Within weeks, Cohen had a trove of data that started yielding insights. He could use the data to identify flaws in beers. Beer that tastes like fresh-cut grass, for example, reveals too much of a compound called cis-3-hexenol. Thatʼs caused when hops used in a beer are stale. Itʼs something any brewer will want to know right away.
Better still, Cohen could tease out insights that might escape the taster. A novice drinker, for example, may not know the difference between a good beer and one that has been “skunked” — giving the beer a manure-like flavor — because of exposure to too much light. But, by analyzing a drinkerʼs impressions of a beer, Cohen can. Better yet, he could predict what demographic groups would like a beer.
Thatʼs when Cohen realized he didnʼt have a research project. He had a business.
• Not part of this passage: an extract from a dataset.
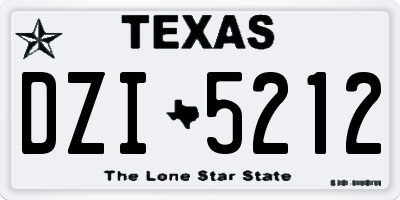 TX license plate DZI5212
Turns out 11 percent of all U.S. beer sales by volume last year came from small brewers. Better still, these fast-growing brewers are guzzling more than their share of sales, grabbing 19 percent of the beer industryʼs $101.5 billion in retail sales.
An Ale of an Opportunity
Itʼs the culmination of a brewing renaissance that shows no signs of slowing. In 1983, there were just 51 U.S. brewers. The top six owned 92% of the market. Access to better technology is changing that. Small brewers — equipped with affordable new technologies like automated, high-quality canning systems — have been surging over the past two decades. There are now more than 3,000 of them. “Thatʼs what saved beer, new technologies,” Cohen says.
To swallow even more of the market, these small brewers need to be consistent. Brewers — particularly small, craft brewers — live or die by quality and consistency. But no one is immune. During the 1970s, bad-tasting beer — due to experimentation with new brewing methods — all but destroyed Schlitz, once the top-selling beer in the United States. “Thatʼs a story we tell to our clients,” Cohen says.
Key to consistency: speed. While Cohenʼs trove of data lets him tease out 20 common flaws in a beer with just a handful of tastings — as drinkers record impressions on 25 factors on their smart phones — results werenʼt coming in quickly. That can be trouble as brewers scramble to get beer to loading docks. Once that beer gets on the truck, Cohen explains, they donʼt own it any more.
Chugging Data Faster
So Cohenʼs 11-employee team began experimenting with GPUs, which allowed them to speed up the analysis of data gathered from tasters by threefold. And because Amazon hosts GPU-accelerated servers, the team can just rent access to the GPUs they need.
Thanks to GPUs, his companyʼs Gastrograph software can now identify dozens of obscure beer styles — Vienna lagers, Irish dry stouts or Berliner Weissbiers — in seconds, rather than minutes.
Thatʼs crucial to detecting bad beer. Buttery diacetyl, for example, improves the thick, creamy body of dark porters and stouts. But itʼs a fatal flaw in a crisp lager marketed to millions.
Cohen’s using GPUs for more than just classifying beers. He’s using them to create models that help analyze profiles generated by tasters against the more than 100,000 beer reviews his company has collected.
Without the parallel architecture of GPUs, for example, it took Cohen’s team a long time to train deep neural networks with many layers, or random forest models with many trees. Cohen’s team now uses NVIDIA’s CUDA toolkit in R — such as gputools and gmatrix — to boost performance. Now model tuning only takes minutes to complete.
Next up: growing his business. Cohen — now CEO of Analytical Flavor Systems — has one customer whose name he can drop, Ottoʼs Pub and Brewery. Dozens more are either working with him under non-disclosure agreements, or are in the pipeline. Heʼs raising his first venture capital round. And heʼs planning to move into new offices. Itʼs an old frat house, appropriately enough.
Itʼs a familiar tale for any entrepreneur, with one exception: Cohen says recruiting new employees is “really easy.” After all, this is a business built on daily beer tastings. And with every chug, Cohenʼs data set grows larger.